東京オリンピックで土地の値段はどう変わる? 路線価は上昇するが実勢価格は下落へ
ファイナンシャルフィールド / 2019年9月11日 10時10分
国が公表する土地の値段を表す主な指標として「土地公示価格」と「路線価」があります。どちらも全国の定点観測により公表されており、2019年は前年に比べ、やや上昇している地点が多くなりました。 土地取引もこれらを基準に行われますが、実際の価格は下落傾向になっている、という指摘があります。
実勢価格をもとに公表される「土地公示価格」
「土地公示価格」は国土交通省が土地取引の実際などを調査し、地点ごとに毎年表示しているもので、実際の取引の際に標準的な指標となる価格です。実際に取引される価格はケースによって変動するため、これらを参考にした平均的で正常な価格になります。
「土地公示価格」は、適正な地価形成に資する目的で、毎年1月1日時点の全国2万6000地点の正常な取引価格を示したもので、3月に公表されます。土地取引時の目安になるだけでなく、不動産鑑定の基礎、さらに競売物件の価格決定などに利用されています。
2019年では、全国平均で前年比0.6%上昇しており、中でも東京圏の商業地は4.7%。住宅地は1.3%上昇しています。しかし地方での上昇率は、商業地で1.0%、住宅地で0.2%の微増に止まっており、頭打ちの傾向がはっきりしてきました。地域による価格格差が拡大しています。
税金計算の基礎となる「路線価」
もうひとつの指標として「路線価」があります。これは、国税庁が相続税など土地関連の税額を決める場合の基礎となるもので、その土地が道路に面した部分の価格です。

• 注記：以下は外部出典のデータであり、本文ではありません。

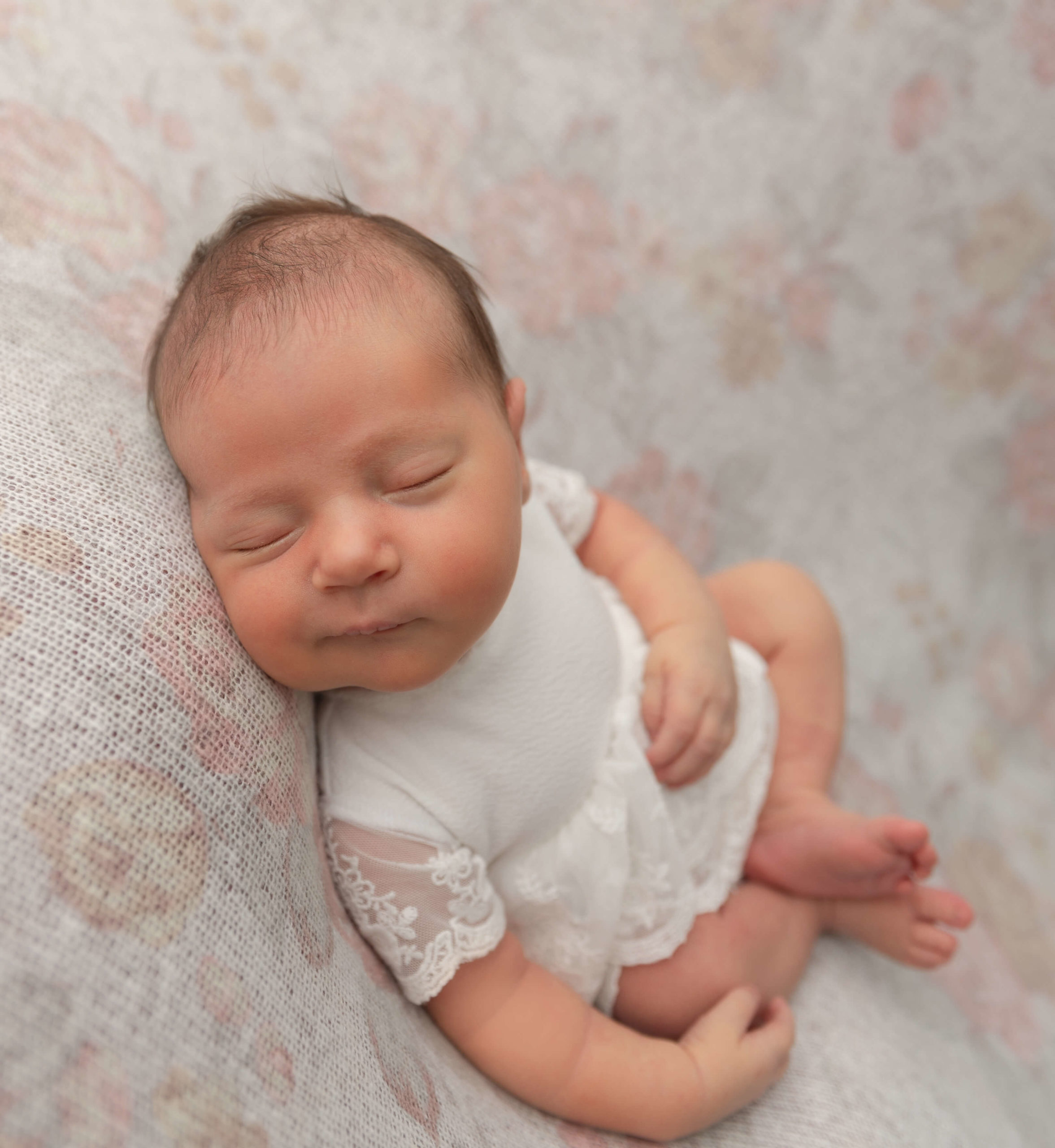 Picture of a newborn baby girl laying on a flower backdrop smiling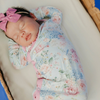Floral baby knotted gown with pink trim and snaps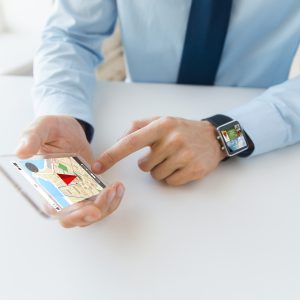 business, technology, navigation and people concept - close up of male hand holding and showing transparent smart phone and watch at office with gps navigator map on screen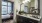 brightly lit bathroom with large vanity/sink counter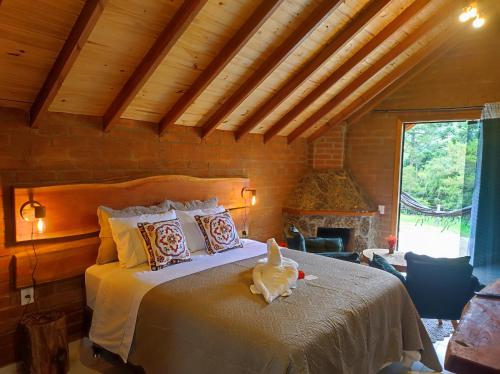 een slaapkamer met een bed met een knuffeldier erop bij Pousada das Castanheiras in Monte Verde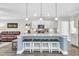 Modern kitchen featuring an island with seating, sleek countertops, and stainless appliances at 104 Grace Bay Ct., Pawleys Island, SC 29585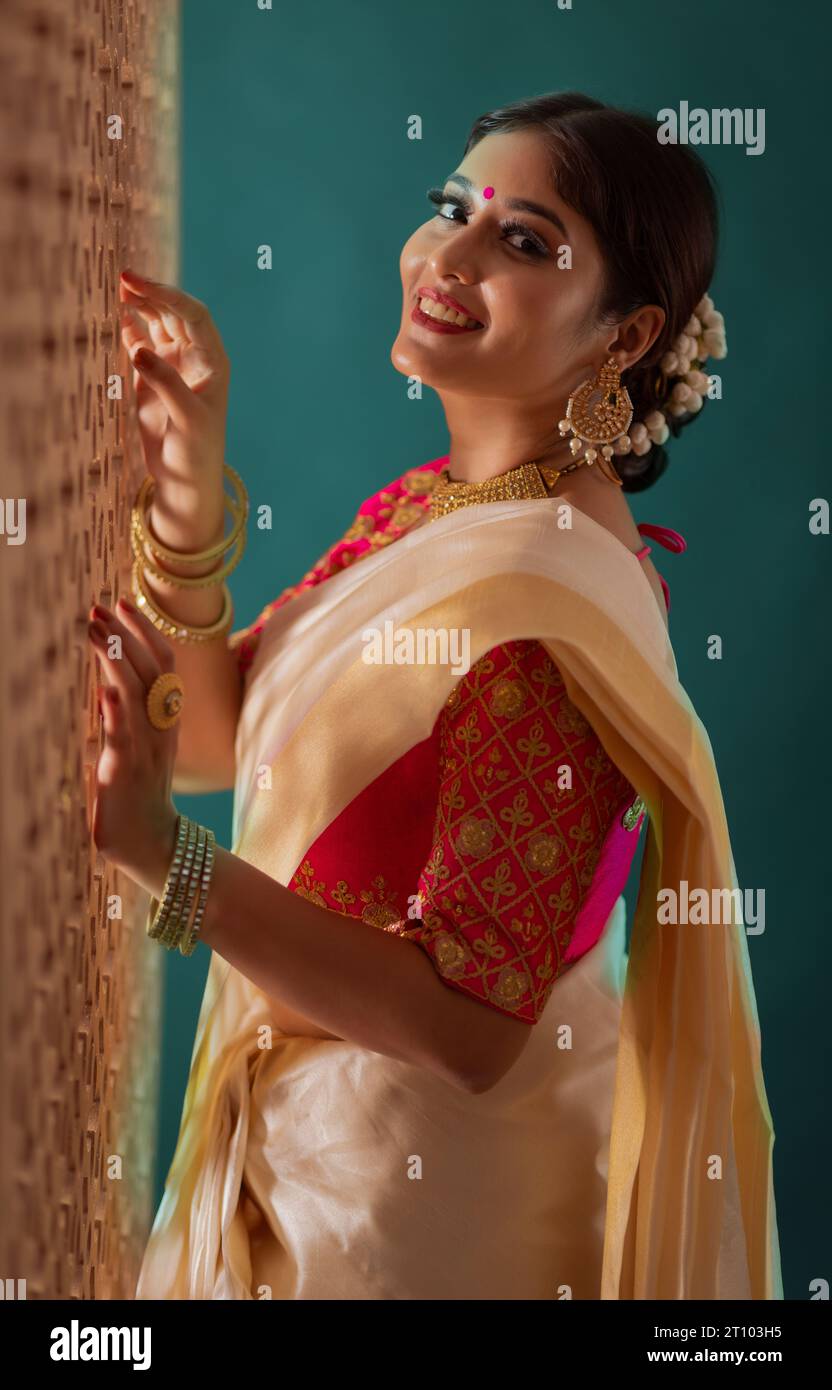 Portrait of cheerful woman in white saree looking at camera Stock Photo ...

土地公示価格よりは少し遅れて毎年7月ころに公表されます。納税時は翌年春になるので、実勢価格が大きく下落してしまうと納税者から苦情が出ます。
そのため相続税・贈与税などについては、土地公示価格の80%程度に、固定資産税、都市計画税などについては、公示価格の70%程度に評価額が抑えられています。
路線価は道路に面している部分の価格を指しているため、2つの道路に面している、道路に面している部分が非常に少ない、といった土地については価格が補正されます。2つ以上の道路に面していると土地の路線価は高く補正され、道路に接している部分が少ない場合は安く補正されます。
また、人口の少ない地域では路線価が決められていない場所もあり、これらについては、公示価格をもとにした倍率方式で税額が計算されます。
2019年7月に公表された実際の路線価を見ると、全国平均で1.3%上昇しており、観光客の増加などの理由で、沖縄県の那覇市や大阪市の一部では、20%を超える上昇となっています。路線価の高騰は相続税などが前年に比較して、増税されることを意味します。
首都圏では、東京都の平均が前年比4.9%を筆頭に上昇基調にあり、東京・中央区の銀座は日本の最高地点で1平方メートル当たり4560万円です。全国的に見ると、大都市では前年に比べ上昇していますが、全国27県でやや下落基調です。
人口減の影響は確実に出る
2020年の東京オリンピックに向けて、首都圏では大規模な開発が進んでおり、また外国人観光客の増加が、特定の地域とくに商業地の地価の上昇に大きく影響したことは間違いありません。
2019年に公表された土地の価格は、2018年、2017年という前の時点の実勢価格も考慮して算出されています。東京の中でも一等地といわれる銀座地区の路線価は、バブル期を上回る数字になっています。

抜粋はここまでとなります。